### WORK INSTRUCTION
Of all the lines below, return only those starting with the line holding "Spacious Garden Unit on Fordyce" and going on through the line holding "2025 GENUINE RANGE", exactly as written.

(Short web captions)
-- Opening Marker --

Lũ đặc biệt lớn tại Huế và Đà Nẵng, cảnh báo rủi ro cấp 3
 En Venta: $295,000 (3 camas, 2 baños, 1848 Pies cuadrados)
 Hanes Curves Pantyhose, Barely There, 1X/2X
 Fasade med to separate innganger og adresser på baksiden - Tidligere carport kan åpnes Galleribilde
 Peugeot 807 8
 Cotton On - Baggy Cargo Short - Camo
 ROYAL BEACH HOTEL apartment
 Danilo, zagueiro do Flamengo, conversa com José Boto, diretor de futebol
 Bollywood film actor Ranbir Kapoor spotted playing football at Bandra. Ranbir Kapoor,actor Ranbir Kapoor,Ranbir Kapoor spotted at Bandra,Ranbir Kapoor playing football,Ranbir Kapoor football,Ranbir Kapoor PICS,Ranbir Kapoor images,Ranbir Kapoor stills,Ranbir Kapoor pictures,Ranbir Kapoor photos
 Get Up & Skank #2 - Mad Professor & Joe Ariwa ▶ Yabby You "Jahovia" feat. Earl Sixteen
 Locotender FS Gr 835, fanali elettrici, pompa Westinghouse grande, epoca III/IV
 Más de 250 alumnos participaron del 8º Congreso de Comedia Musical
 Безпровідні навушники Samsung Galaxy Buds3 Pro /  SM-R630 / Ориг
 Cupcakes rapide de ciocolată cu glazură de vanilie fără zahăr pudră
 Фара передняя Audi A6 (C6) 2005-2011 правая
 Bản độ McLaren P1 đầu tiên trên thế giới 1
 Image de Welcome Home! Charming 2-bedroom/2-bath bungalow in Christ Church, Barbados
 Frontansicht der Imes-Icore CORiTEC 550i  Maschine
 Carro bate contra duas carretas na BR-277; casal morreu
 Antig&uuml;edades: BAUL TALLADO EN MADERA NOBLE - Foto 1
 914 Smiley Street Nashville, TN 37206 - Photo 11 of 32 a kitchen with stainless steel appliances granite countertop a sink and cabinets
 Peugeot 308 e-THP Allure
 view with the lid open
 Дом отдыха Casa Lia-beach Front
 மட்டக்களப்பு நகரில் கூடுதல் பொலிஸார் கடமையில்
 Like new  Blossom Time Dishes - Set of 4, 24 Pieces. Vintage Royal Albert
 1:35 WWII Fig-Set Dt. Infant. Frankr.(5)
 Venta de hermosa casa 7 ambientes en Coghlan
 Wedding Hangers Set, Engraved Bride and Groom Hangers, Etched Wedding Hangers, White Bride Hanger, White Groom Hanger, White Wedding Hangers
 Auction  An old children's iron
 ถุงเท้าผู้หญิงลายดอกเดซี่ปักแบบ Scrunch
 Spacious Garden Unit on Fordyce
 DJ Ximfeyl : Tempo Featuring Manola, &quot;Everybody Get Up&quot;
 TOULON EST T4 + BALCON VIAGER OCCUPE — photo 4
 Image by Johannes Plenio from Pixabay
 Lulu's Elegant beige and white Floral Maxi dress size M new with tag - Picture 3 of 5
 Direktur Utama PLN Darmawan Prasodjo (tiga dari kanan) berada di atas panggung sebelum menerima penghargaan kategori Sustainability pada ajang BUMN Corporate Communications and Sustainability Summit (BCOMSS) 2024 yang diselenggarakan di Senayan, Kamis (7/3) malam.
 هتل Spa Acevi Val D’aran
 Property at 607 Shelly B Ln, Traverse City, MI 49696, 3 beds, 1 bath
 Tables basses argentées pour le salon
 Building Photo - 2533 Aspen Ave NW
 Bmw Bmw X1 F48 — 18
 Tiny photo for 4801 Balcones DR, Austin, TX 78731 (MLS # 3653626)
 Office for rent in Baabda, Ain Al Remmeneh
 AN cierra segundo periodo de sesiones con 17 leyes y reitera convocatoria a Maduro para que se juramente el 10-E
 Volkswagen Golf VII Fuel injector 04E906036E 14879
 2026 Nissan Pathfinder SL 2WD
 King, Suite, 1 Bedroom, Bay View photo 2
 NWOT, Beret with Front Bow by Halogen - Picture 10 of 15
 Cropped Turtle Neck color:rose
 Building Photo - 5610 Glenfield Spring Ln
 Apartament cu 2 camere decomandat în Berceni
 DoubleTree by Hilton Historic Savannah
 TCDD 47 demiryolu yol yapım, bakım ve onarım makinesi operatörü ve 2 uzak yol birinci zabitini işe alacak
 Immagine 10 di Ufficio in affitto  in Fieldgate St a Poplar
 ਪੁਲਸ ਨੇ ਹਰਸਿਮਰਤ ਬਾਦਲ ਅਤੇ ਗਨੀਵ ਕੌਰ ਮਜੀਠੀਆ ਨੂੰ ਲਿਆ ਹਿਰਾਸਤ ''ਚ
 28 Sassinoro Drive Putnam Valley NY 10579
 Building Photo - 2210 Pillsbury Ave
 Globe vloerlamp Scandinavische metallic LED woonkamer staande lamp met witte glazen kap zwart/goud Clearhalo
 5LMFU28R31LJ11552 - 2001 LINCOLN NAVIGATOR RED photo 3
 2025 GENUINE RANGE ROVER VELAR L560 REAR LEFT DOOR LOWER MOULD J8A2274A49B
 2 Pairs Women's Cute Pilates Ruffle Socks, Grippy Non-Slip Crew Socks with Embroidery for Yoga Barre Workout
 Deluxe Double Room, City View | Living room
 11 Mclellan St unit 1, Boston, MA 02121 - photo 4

-- Closing Marker --

### ANSWER SECTION
 Spacious Garden Unit on Fordyce
 DJ Ximfeyl : Tempo Featuring Manola, &quot;Everybody Get Up&quot;
 TOULON EST T4 + BALCON VIAGER OCCUPE — photo 4
 Image by Johannes Plenio from Pixabay
 Lulu's Elegant beige and white Floral Maxi dress size M new with tag - Picture 3 of 5
 Direktur Utama PLN Darmawan Prasodjo (tiga dari kanan) berada di atas panggung sebelum menerima penghargaan kategori Sustainability pada ajang BUMN Corporate Communications and Sustainability Summit (BCOMSS) 2024 yang diselenggarakan di Senayan, Kamis (7/3) malam.
 هتل Spa Acevi Val D’aran
 Property at 607 Shelly B Ln, Traverse City, MI 49696, 3 beds, 1 bath
 Tables basses argentées pour le salon
 Building Photo - 2533 Aspen Ave NW
 Bmw Bmw X1 F48 — 18
 Tiny photo for 4801 Balcones DR, Austin, TX 78731 (MLS # 3653626)
 Office for rent in Baabda, Ain Al Remmeneh
 AN cierra segundo periodo de sesiones con 17 leyes y reitera convocatoria a Maduro para que se juramente el 10-E
 Volkswagen Golf VII Fuel injector 04E906036E 14879
 2026 Nissan Pathfinder SL 2WD
 King, Suite, 1 Bedroom, Bay View photo 2
 NWOT, Beret with Front Bow by Halogen - Picture 10 of 15
 Cropped Turtle Neck color:rose
 Building Photo - 5610 Glenfield Spring Ln
 Apartament cu 2 camere decomandat în Berceni
 DoubleTree by Hilton Historic Savannah
 TCDD 47 demiryolu yol yapım, bakım ve onarım makinesi operatörü ve 2 uzak yol birinci zabitini işe alacak
 Immagine 10 di Ufficio in affitto  in Fieldgate St a Poplar
 ਪੁਲਸ ਨੇ ਹਰਸਿਮਰਤ ਬਾਦਲ ਅਤੇ ਗਨੀਵ ਕੌਰ ਮਜੀਠੀਆ ਨੂੰ ਲਿਆ ਹਿਰਾਸਤ ''ਚ
 28 Sassinoro Drive Putnam Valley NY 10579
 Building Photo - 2210 Pillsbury Ave
 Globe vloerlamp Scandinavische metallic LED woonkamer staande lamp met witte glazen kap zwart/goud Clearhalo
 5LMFU28R31LJ11552 - 2001 LINCOLN NAVIGATOR RED photo 3
 2025 GENUINE RANGE ROVER VELAR L560 REAR LEFT DOOR LOWER MOULD J8A2274A49B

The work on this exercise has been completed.